Mission to explain Covid and its consequences

4 July 2020 — Morning Star Online


Richard Horton’s acute analysis of the pandemic and what might come after makes his book essential reading, says THABO MILLER

COMBATTING CATASTROPHE: Richard Horton Photo: Blueraspberry/Creative Commons

The Covid-19 Catastrophe: What’s Gone Wrong and How to Stop It Happening Again
by Richard Horton
(Polity, £12.99)

AS EDITOR of The Lancet, Richard Horton was one of the first to highlight the research coming out of China about the evolving Covid-19 pandemic and his frustration and anger at countries who ignored these early warnings has led to the publication of this book.

In it, he examines the timeline of what happened, the common themes in countries who responded well and those who responded poorly, and what a post-Covid world could look like.

As an eminent doctor and journalist, Horton has personal contact with many of the people who have become crucial figures in the medical and scientific community responding to this public-health crisis and therefore he has a unique insight.

But it would be wrong to think that a reader needs a strong background in public health or science to understand the book — Horton explains all important concepts in a clear and accessible way and though later in the book some jumps in logic and flow are challenging to follow on first reading, the overall messages — crucial for planning — are nevertheless clearly communicated.

The message the book sends about excess deaths among black and minority-ethnic communities, even taking into account the effects of poverty, geography and exposure, is startling.

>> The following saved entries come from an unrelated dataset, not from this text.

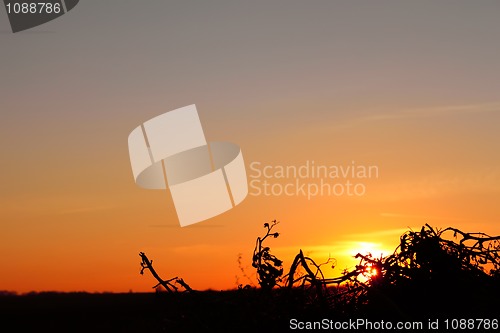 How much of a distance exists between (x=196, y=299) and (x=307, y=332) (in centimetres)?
87

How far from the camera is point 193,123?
1352 centimetres

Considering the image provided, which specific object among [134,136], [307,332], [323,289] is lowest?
[307,332]

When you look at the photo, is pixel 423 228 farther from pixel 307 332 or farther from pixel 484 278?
pixel 307 332

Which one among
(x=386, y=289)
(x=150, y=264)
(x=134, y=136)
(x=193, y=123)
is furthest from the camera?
(x=193, y=123)

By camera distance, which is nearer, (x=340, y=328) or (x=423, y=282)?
(x=340, y=328)

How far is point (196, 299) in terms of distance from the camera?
609cm

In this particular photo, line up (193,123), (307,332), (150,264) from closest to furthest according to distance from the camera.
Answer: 1. (307,332)
2. (150,264)
3. (193,123)

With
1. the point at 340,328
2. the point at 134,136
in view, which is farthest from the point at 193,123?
the point at 340,328

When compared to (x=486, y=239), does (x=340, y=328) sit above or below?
below

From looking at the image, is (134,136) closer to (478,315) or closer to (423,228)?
(423,228)

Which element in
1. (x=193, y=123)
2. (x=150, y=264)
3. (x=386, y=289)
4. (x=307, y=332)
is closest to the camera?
(x=307, y=332)

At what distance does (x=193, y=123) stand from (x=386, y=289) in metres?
7.34

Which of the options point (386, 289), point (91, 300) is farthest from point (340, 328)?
point (91, 300)

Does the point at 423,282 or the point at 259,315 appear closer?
the point at 259,315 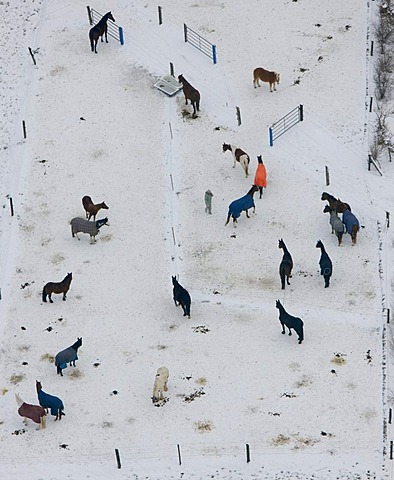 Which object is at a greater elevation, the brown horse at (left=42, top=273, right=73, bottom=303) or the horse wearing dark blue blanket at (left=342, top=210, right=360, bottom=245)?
the horse wearing dark blue blanket at (left=342, top=210, right=360, bottom=245)

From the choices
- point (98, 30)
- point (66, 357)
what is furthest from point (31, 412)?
point (98, 30)

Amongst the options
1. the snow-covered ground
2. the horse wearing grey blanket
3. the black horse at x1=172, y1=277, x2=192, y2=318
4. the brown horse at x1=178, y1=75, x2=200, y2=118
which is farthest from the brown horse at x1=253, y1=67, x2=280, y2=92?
the black horse at x1=172, y1=277, x2=192, y2=318

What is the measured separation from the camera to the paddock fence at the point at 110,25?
54062 millimetres

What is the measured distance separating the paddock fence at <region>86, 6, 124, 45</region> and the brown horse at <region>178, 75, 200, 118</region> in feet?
14.1

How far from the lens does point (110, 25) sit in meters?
54.8

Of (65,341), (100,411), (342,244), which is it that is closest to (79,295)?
(65,341)

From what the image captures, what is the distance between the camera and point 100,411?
3947 cm

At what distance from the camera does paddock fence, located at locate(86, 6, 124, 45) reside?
5406 cm

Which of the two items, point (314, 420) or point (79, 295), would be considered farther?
point (79, 295)

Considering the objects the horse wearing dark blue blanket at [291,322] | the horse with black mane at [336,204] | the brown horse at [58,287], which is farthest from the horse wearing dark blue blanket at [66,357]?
the horse with black mane at [336,204]

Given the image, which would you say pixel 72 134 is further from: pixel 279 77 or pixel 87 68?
pixel 279 77

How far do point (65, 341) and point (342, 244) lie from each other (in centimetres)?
933

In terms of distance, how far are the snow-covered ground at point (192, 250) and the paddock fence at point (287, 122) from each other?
338 mm

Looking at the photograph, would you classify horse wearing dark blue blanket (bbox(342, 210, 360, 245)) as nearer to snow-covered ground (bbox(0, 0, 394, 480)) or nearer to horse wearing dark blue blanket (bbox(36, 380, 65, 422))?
snow-covered ground (bbox(0, 0, 394, 480)) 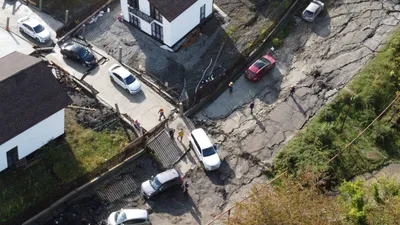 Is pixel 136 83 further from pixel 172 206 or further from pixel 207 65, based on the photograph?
pixel 172 206

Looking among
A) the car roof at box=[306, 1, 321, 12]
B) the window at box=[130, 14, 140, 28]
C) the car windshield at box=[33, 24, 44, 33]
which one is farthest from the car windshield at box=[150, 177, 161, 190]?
the car roof at box=[306, 1, 321, 12]

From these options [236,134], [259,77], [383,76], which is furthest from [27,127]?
[383,76]

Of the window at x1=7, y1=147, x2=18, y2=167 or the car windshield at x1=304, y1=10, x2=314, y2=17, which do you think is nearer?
the window at x1=7, y1=147, x2=18, y2=167

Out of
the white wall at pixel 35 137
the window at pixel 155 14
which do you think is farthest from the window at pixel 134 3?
the white wall at pixel 35 137

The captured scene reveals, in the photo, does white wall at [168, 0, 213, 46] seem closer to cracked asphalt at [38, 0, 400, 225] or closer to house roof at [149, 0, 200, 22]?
house roof at [149, 0, 200, 22]

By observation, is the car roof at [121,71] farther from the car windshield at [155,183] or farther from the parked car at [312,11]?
the parked car at [312,11]

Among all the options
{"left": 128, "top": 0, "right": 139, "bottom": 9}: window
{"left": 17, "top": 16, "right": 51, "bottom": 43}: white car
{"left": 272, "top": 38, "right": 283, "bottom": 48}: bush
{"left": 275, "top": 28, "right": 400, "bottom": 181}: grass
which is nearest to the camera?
{"left": 275, "top": 28, "right": 400, "bottom": 181}: grass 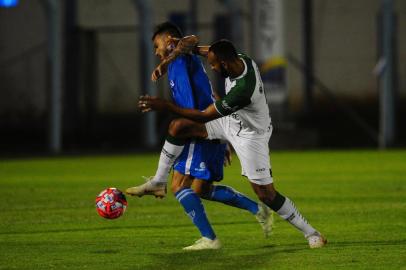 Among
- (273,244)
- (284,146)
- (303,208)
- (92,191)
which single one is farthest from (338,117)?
(273,244)

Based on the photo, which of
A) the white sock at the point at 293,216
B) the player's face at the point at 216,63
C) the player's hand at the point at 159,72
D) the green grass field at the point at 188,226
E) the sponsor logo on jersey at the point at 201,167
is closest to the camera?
the green grass field at the point at 188,226

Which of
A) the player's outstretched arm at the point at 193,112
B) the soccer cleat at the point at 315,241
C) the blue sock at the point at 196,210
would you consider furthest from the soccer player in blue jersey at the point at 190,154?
the soccer cleat at the point at 315,241

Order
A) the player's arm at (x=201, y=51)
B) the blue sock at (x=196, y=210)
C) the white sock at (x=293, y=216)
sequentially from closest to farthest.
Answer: the white sock at (x=293, y=216) → the blue sock at (x=196, y=210) → the player's arm at (x=201, y=51)

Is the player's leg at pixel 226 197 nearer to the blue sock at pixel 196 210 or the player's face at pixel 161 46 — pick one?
the blue sock at pixel 196 210

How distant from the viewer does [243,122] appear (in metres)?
10.1

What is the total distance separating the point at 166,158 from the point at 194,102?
603mm

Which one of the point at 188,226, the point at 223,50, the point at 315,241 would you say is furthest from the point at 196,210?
the point at 188,226

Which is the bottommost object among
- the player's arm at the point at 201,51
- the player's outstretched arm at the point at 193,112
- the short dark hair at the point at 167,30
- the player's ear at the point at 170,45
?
the player's outstretched arm at the point at 193,112

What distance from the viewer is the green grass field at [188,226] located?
9.50 meters

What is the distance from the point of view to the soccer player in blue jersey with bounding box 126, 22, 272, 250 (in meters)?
10.3

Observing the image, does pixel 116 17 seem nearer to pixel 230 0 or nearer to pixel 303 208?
pixel 230 0

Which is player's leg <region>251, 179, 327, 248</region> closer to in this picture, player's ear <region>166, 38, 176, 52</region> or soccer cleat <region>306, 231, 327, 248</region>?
soccer cleat <region>306, 231, 327, 248</region>

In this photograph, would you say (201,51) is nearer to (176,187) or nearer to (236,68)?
Result: (236,68)

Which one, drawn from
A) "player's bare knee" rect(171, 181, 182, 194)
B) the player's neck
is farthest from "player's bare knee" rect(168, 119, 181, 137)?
the player's neck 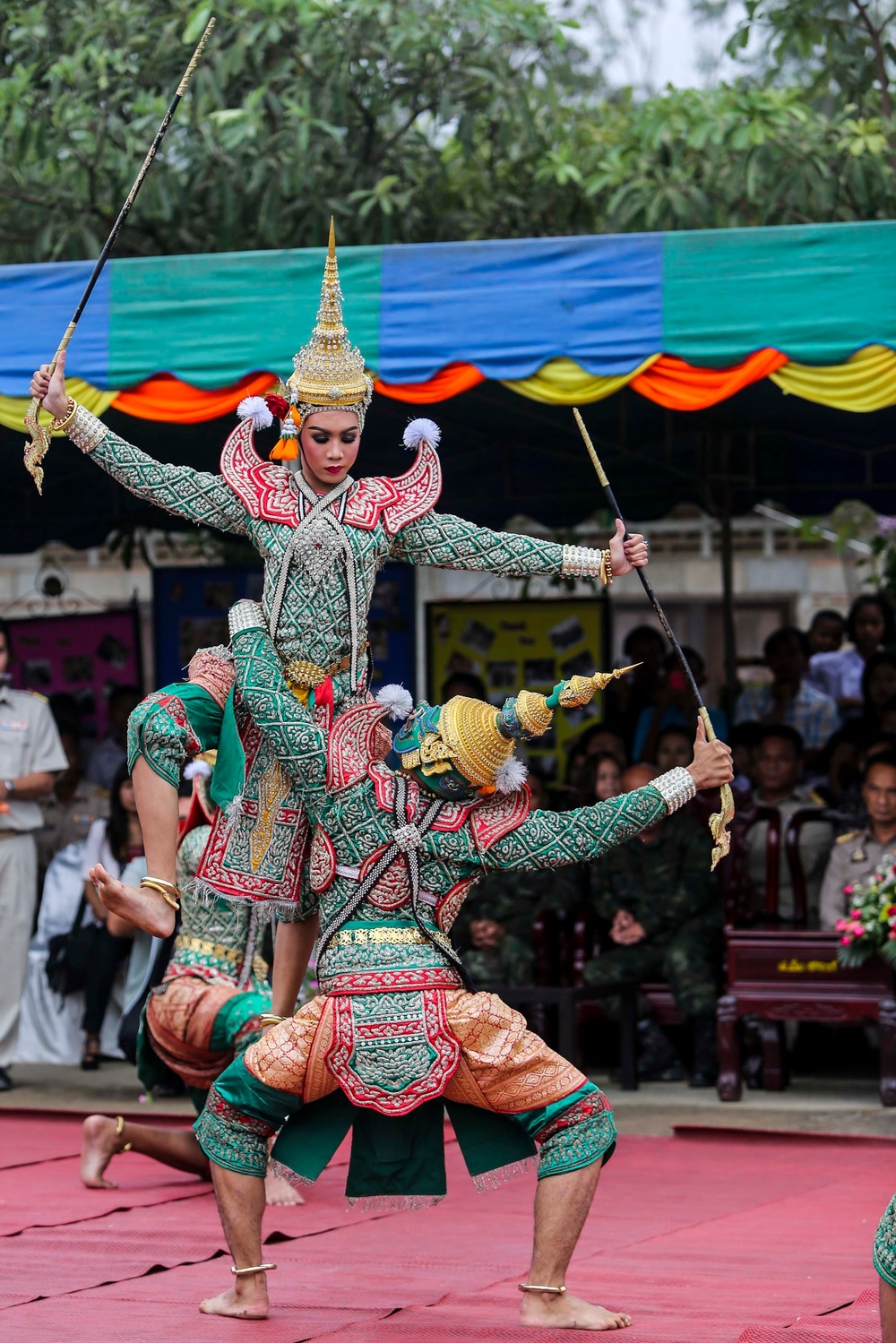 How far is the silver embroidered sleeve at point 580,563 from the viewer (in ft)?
14.1

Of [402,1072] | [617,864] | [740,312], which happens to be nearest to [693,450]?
[617,864]

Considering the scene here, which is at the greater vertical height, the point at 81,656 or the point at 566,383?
the point at 566,383

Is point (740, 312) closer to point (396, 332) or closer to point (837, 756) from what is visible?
point (396, 332)

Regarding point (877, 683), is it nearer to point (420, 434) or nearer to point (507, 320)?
point (507, 320)

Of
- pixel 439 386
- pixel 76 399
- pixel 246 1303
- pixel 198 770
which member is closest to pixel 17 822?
pixel 76 399

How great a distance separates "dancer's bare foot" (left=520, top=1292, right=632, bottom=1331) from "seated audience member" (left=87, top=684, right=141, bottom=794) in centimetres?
552

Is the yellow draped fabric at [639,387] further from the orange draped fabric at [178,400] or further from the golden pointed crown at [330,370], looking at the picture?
the golden pointed crown at [330,370]

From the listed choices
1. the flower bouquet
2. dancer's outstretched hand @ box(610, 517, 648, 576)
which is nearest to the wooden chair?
the flower bouquet

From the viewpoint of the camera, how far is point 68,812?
8.87 m

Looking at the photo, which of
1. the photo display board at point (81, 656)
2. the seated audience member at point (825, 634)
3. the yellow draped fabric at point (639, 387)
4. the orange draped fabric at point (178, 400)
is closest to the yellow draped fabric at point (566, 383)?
the yellow draped fabric at point (639, 387)

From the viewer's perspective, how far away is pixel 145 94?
32.8 feet

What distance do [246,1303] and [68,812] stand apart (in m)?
5.07

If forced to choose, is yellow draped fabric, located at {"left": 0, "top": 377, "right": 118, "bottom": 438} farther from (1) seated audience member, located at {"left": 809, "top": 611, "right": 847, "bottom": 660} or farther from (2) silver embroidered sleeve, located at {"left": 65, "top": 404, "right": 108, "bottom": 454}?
(1) seated audience member, located at {"left": 809, "top": 611, "right": 847, "bottom": 660}

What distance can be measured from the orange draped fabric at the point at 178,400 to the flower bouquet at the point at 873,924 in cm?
270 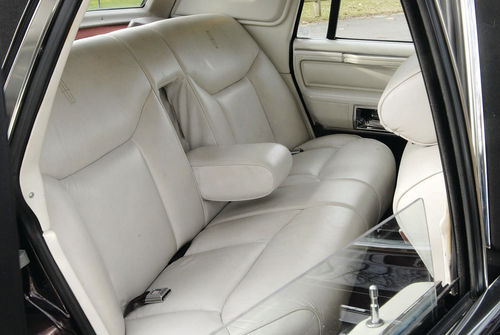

Nevertheless, references to primary sources of information are sparse and thus the original data behind such findings are unclear.

From a health-policy point of view, Horton discusses interesting and radical concepts for building a health system, encouraging readers to investigate further, and this is definitely a book for progressives with an interest in heath policy.

My only criticism of Horton’s discussion of these policy ideas is that in his conclusion on a post-Covid world, it is often unclear on precisely what he is predicting will happen and what he is hoping will happen.

A strong theme of Horton’s book is that countries whose approach was grounded in collectivist and communalist principles greatly outperformed countries that took a more individualist approach, and he frequently seems to be on the verge of concluding “and therefore we need to build socialism,” yet shies away at the last moment.

In fact, he quotes Slavoj Zizek’s statement that “Covid has made us all communists,” before quickly clarifying that he clearly does not mean like those nasty Soviets. He also highly praises the response that Kerala has had to the pandemic, yet does not comment on the idea that this might be due to it being a communist-influenced state.

I would strongly recommend this book to anyone who wants to understand more about why the Covid pandemic occurred and what we can do in future. It is a book of its time, written during the outbreak in the Western world, and some thoughts and conclusions may end up being modified in the fullness of time.